[[ GIVEN RECORDS open ]]

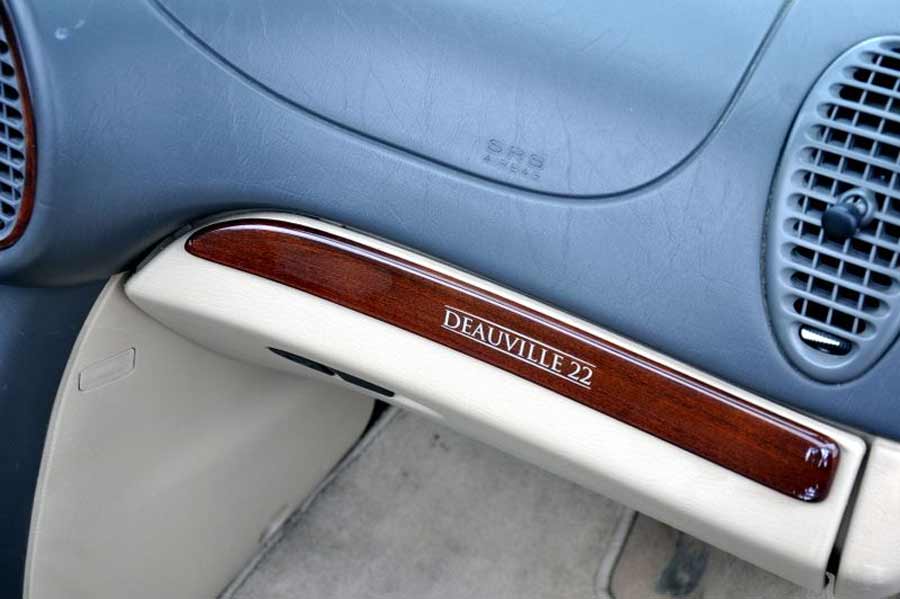 Deauville inserts in Saab 9-3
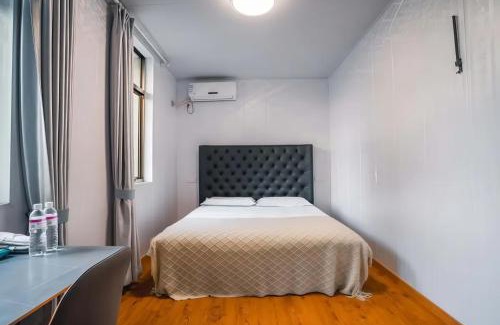 Pudong Hotel | BVB Holiday Villa - 24h Airport Included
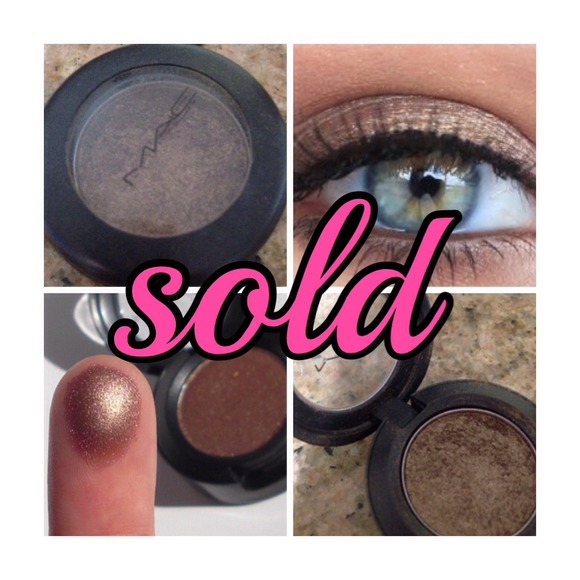 🚫SOLD🚫 MAC Cosmetics Eyeshadow - Tempting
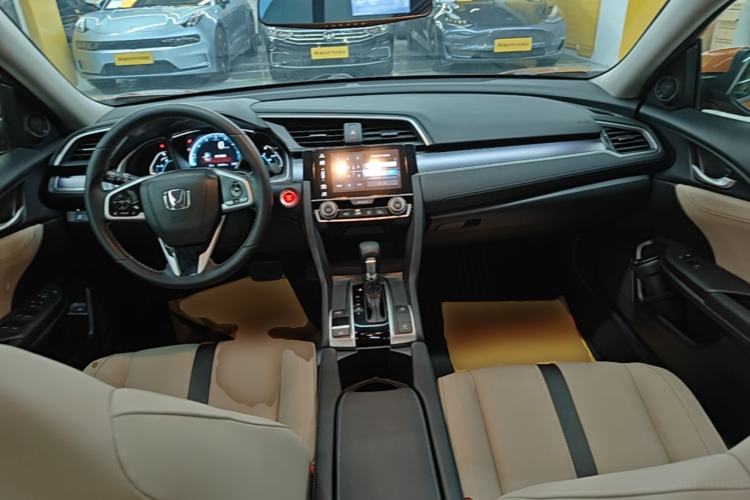 Used Honda Civic 2016 220TURBO CVT Prestige Edition Center Console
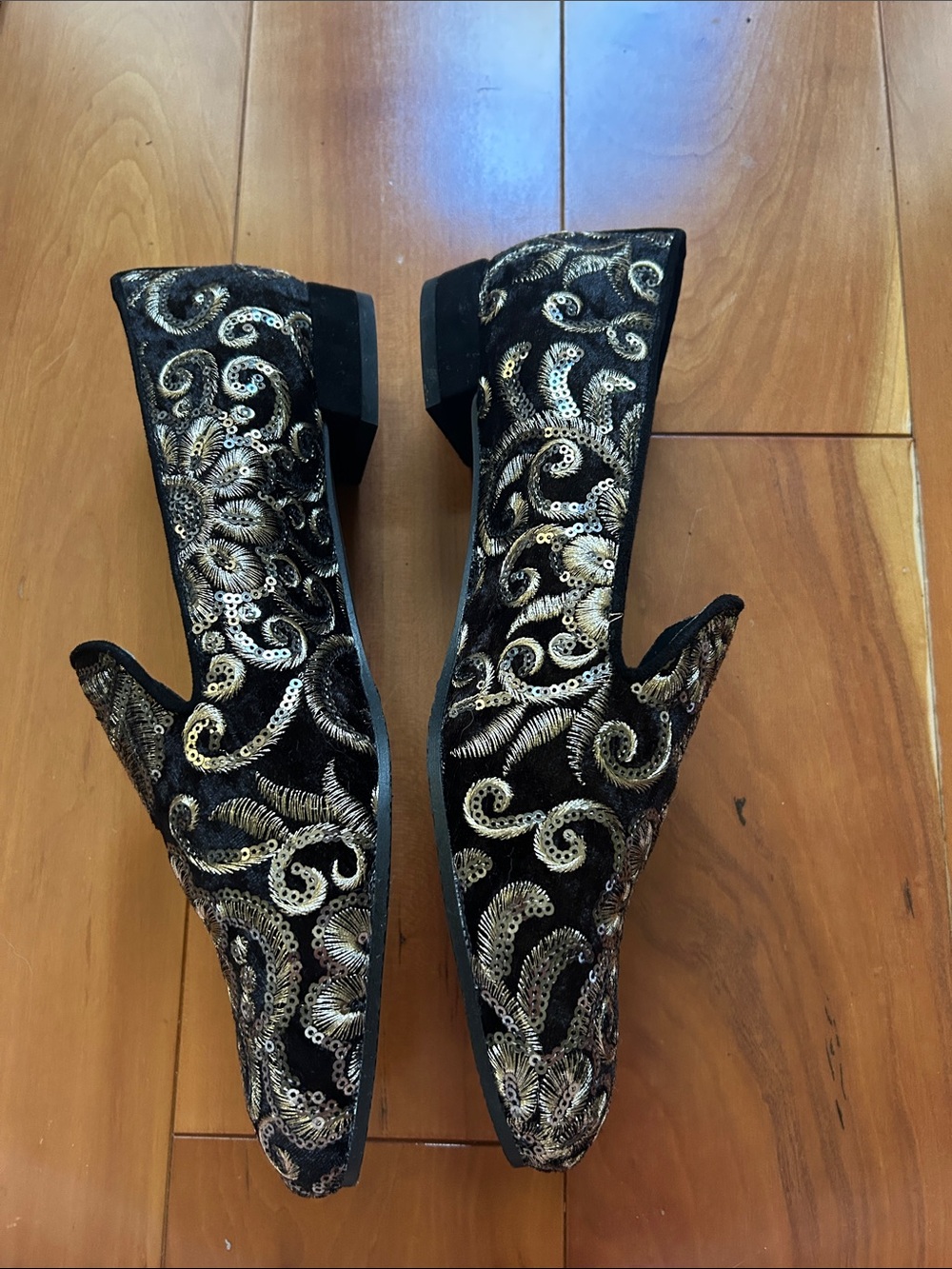 Stuart Weitzman Black Velvet Embellished Floral Loafers - Picture 4 of 12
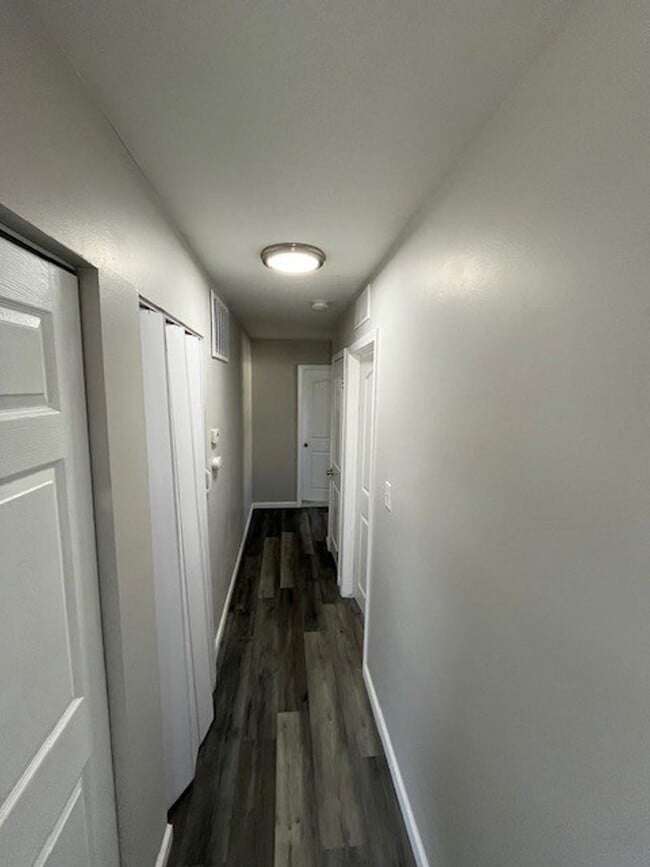 Photo - 67 Brooks St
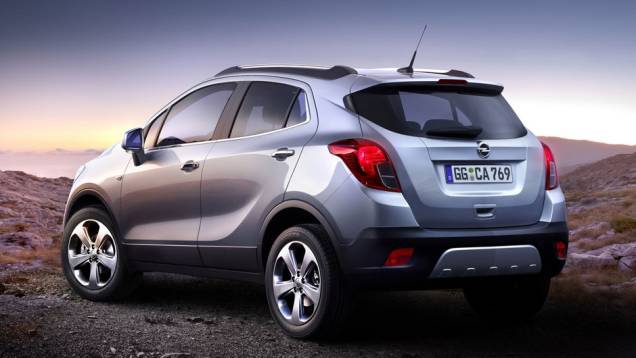 Mokka terá faróis adaptativos com iluminação bi-xenon e a avançada tecnologia Opel Eye, que reconhece placas de trânsito | <a href="https://beta-develop.quatrorodas.abril.com.br/saloes/genebra/2012/opel-mokka-concept-678516.shtml" rel="migration">Leia mais</a> Mokka terá faróis adaptativos com iluminação bi-xenon e a avançada tecnologia Opel Eye, que reconhece placas de trânsito | <a href="https://beta-develop.quatrorodas.abril.com.br/saloes/genebra/2012/opel-mokka-concept-678516.shtml" rel="migration">Leia mais</a>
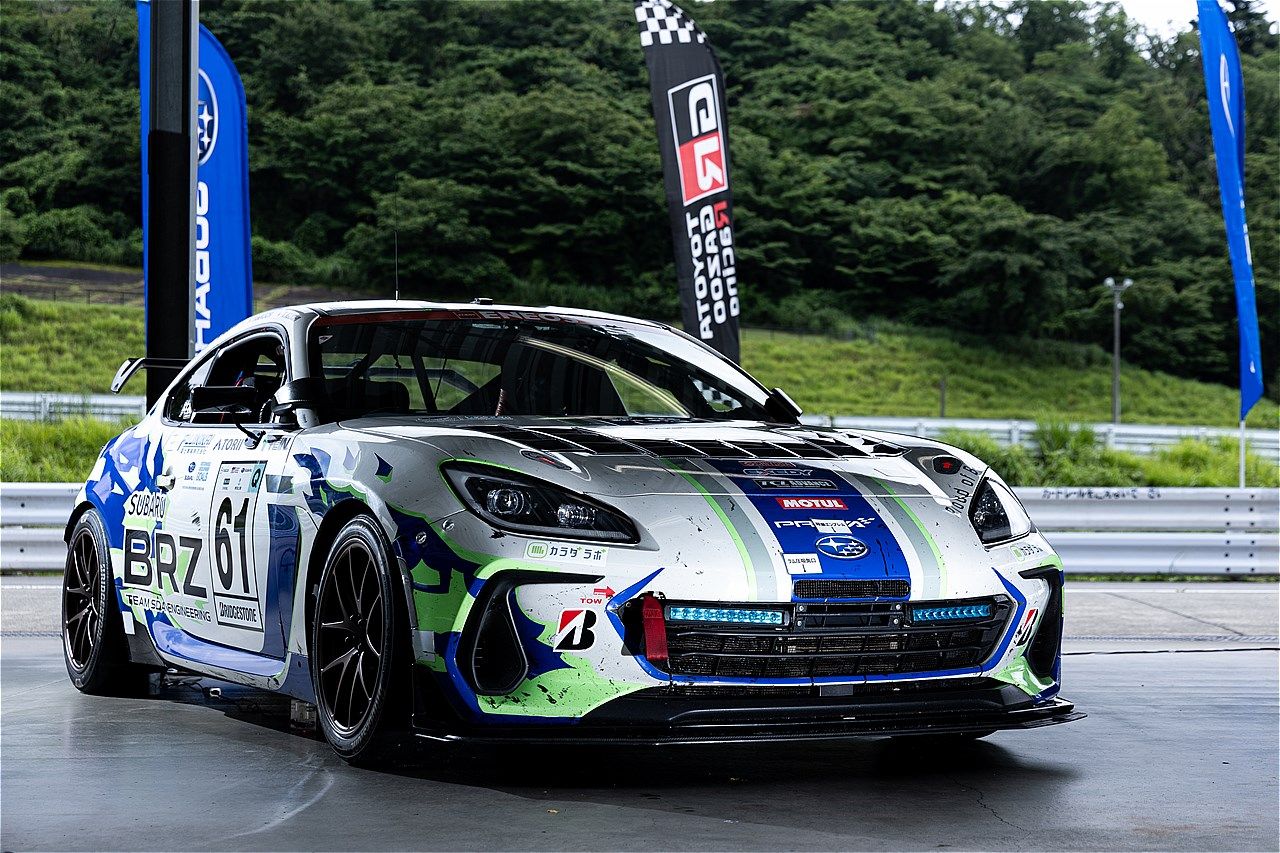 一部改良モデルのトヨタ「GR86」およびSUBARU「BRZ」のサーキット試乗会の様子（写真：三木宏章）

[[ GIVEN RECORDS closed ]]

> [INSTRUCTIONS TO FOLLOW] Exactly as written above, retype the lines starting at the one holding "Stuart Weitzman Black" and ending at the one holding "mais</a> Mokka terá", both included, but not the pictures.

> [TASK RESULT]
 Stuart Weitzman Black Velvet Embellished Floral Loafers - Picture 4 of 12
 Photo - 67 Brooks St
 Mokka terá faróis adaptativos com iluminação bi-xenon e a avançada tecnologia Opel Eye, que reconhece placas de trânsito | <a href="https://beta-develop.quatrorodas.abril.com.br/saloes/genebra/2012/opel-mokka-concept-678516.shtml" rel="migration">Leia mais</a> Mokka terá faróis adaptativos com iluminação bi-xenon e a avançada tecnologia Opel Eye, que reconhece placas de trânsito | <a href="https://beta-develop.quatrorodas.abril.com.br/saloes/genebra/2012/opel-mokka-concept-678516.shtml" rel="migration">Leia mais</a>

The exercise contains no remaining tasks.